GOD WILL SORT THEM OUT!!!!!!!

"The violence in [American] cities has a direct cause and effect related to what is taking place in Mexico," said Fred Burton, vice president for counterterrorism at Stratfor, an Austin-based private intelligence company.

"The farther north you go from the border, the less that is understood," said Burton, who is a member of the Texas Border Security Council, which focuses on homeland security and economic development along the Texas-Mexico border.

The biggest worry for local law enforcement groups is that the cartels will bring with them violent methods honed during furious cartel wars in Mexico that have left about 5,000 dead since 2006. In recent years, Mexican drug violence has reached new heights, with beheadings, videotaped executions broadcast on the Internet, and the targeting of top Mexican officials.

Drug violence associated with the cartels, although on a vastly smaller scale, has begun to emerge in the Atlanta area. Gwinnett County has seen about nine drug-related kidnappings this year, including a man who was bound and chained in a basement in the town of Lilburn.

US Attorney David Nahmias said Gwinnett has become a center of Mexican drug cartel activity and the Atlanta area is considered especially enticing to the cartels because of its location as distribution hub for the highly profitable East Coast market.

In December, local and federal agencies targeted two Mexican trafficking organizations, seizing 111 kilos of cocaine, 17 pounds of methamphetamine, and as much as $10 million in cash. Officials said the groups used Atlanta as the distribution point for drugs smuggled from Mexico and for cash waiting to be smuggled back to Mexico.

Analysts fear that the cartels will bring not just drug violence, but peripheral cash-generating crime like kidnapping, extortion, and protection rackets - problems that are all too common in Mexico.
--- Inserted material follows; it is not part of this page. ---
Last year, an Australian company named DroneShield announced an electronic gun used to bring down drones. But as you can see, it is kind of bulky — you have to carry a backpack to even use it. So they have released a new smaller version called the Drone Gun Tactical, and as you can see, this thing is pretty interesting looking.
Burton said there has been a spike in kidnappings along the Texas border. "We don't know how many have been kidnapped, but guesstimates by local law enforcement puts abductions in border towns at four to eight a week," he said. "They are snatched in the US and taken to Mexico."
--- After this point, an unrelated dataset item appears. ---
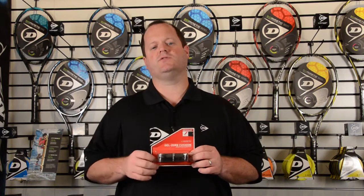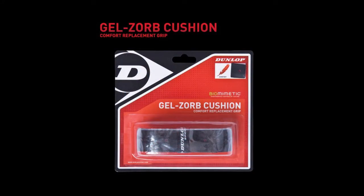That gel strip also creates a bit of a contour feel, so if you're looking for more raised ridges throughout your grip this is a perfect option, because it doesn't have the stitching that can sometimes cause blistering. It's got the gel that's going to absorb impact all the way around the grip and throughout the handle, adding more comfort to your game.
Sanchez said kidnapping in the United States could be particularly attractive to the cartels because they may be able to demand more money than they do in Mexico.

"The US will begin to see a little of the same conflict that is happening in Mexico," Sanchez said. "If [the cartels] already have methods, and ways of diversifying into other crimes, it's normal that they won't stop at the border."

But analysts say it is unlikely the United States will see the type of large-scale drug wars that have paralyzed various Mexican cities and forced President Felipe Calderon to send about 25,000 federal troops to confront the cartels."

Why not? Because "experts" say so?

HOW OFTEN they have been WRONG, WRONG, WRONG!!!!!